__DATA SHOWN__
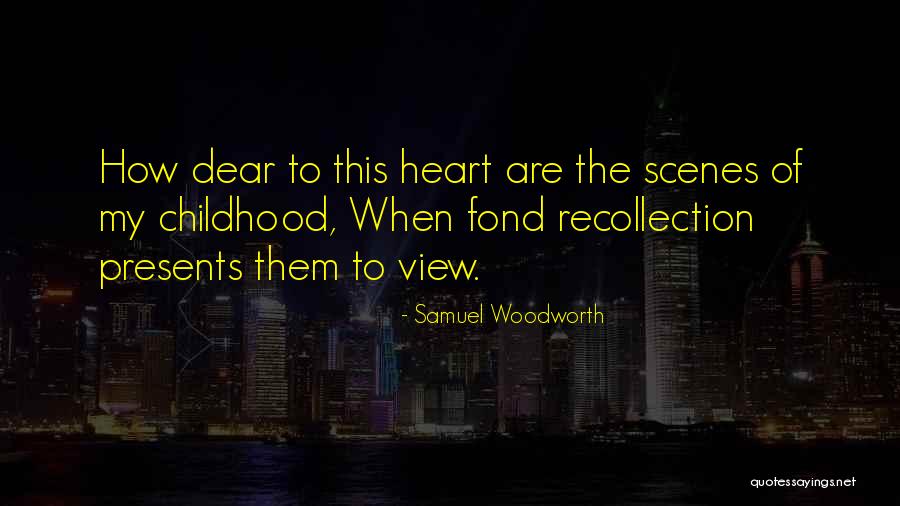 Hospedado No Mediafire Quotes By Samuel Woodworth Hospedado No Mediafire Quotes By Samuel Woodworth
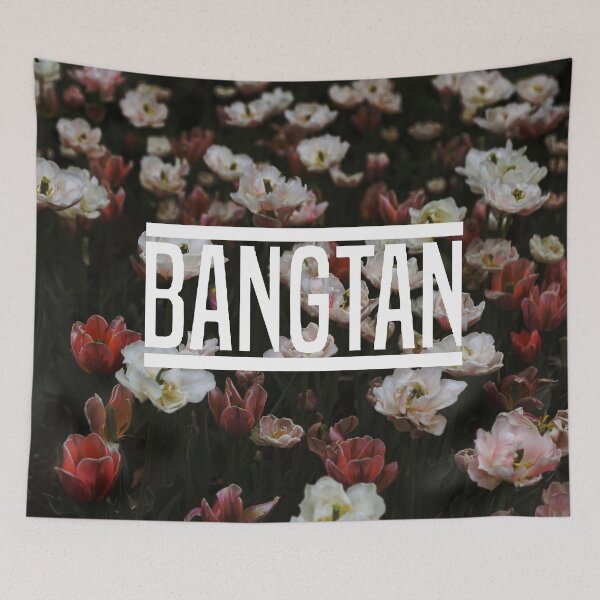 Item preview, BANGTAN designed and sold by pond7.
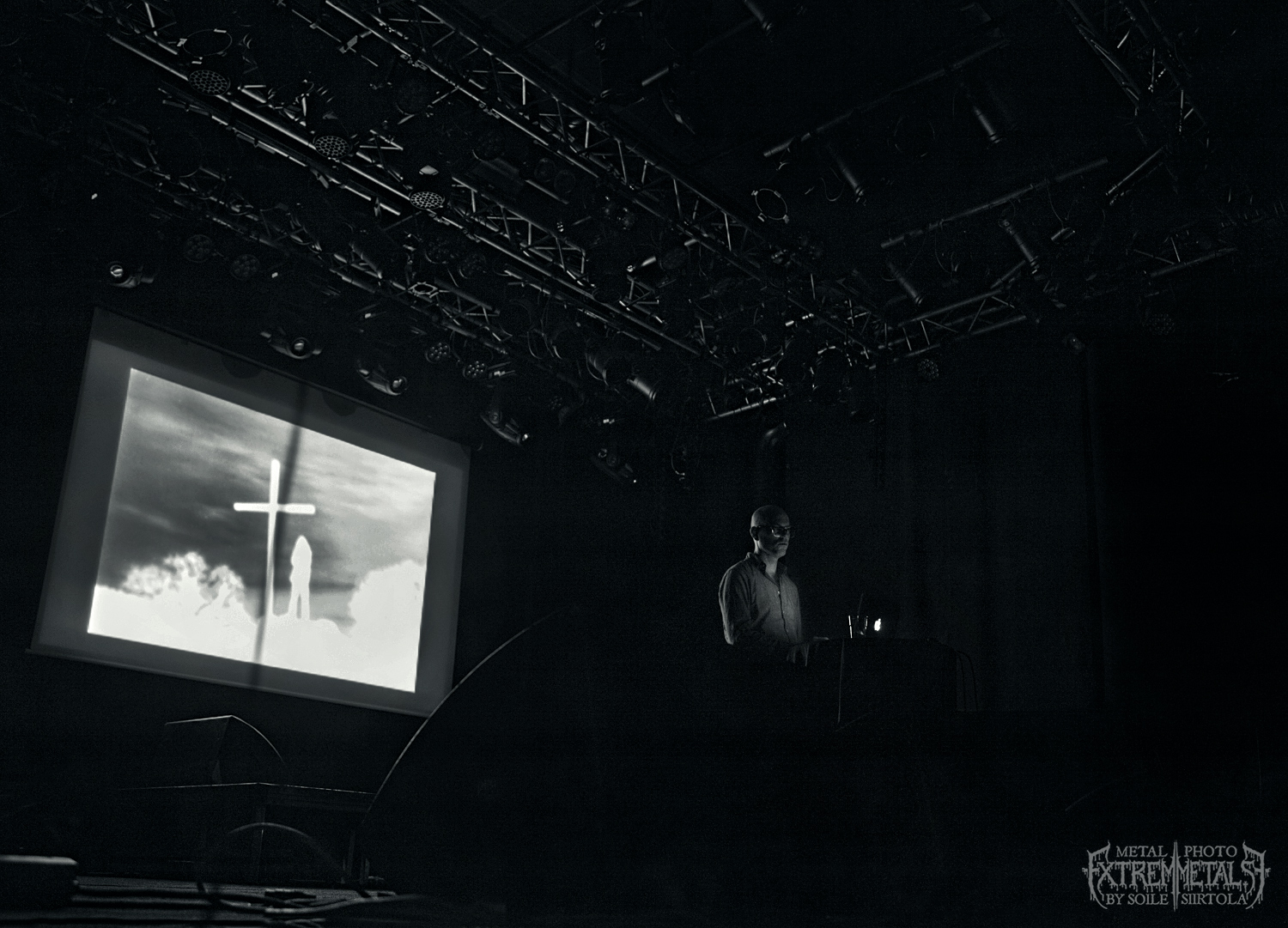 MORTHOUND Cold Meat Industry 30 Years Anniversary live! 4/11 2017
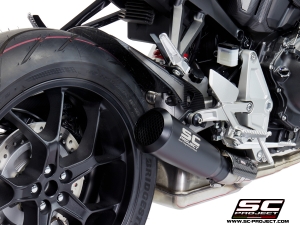 SC-Project silencer conico 70s Honda CBR 1000 R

__BRIEF__
All of the material above is to be copied exactly, except for its images.

__OUTPUT BELOW__
 Hospedado No Mediafire Quotes By Samuel Woodworth Hospedado No Mediafire Quotes By Samuel Woodworth
 Item preview, BANGTAN designed and sold by pond7.
 MORTHOUND Cold Meat Industry 30 Years Anniversary live! 4/11 2017
 SC-Project silencer conico 70s Honda CBR 1000 R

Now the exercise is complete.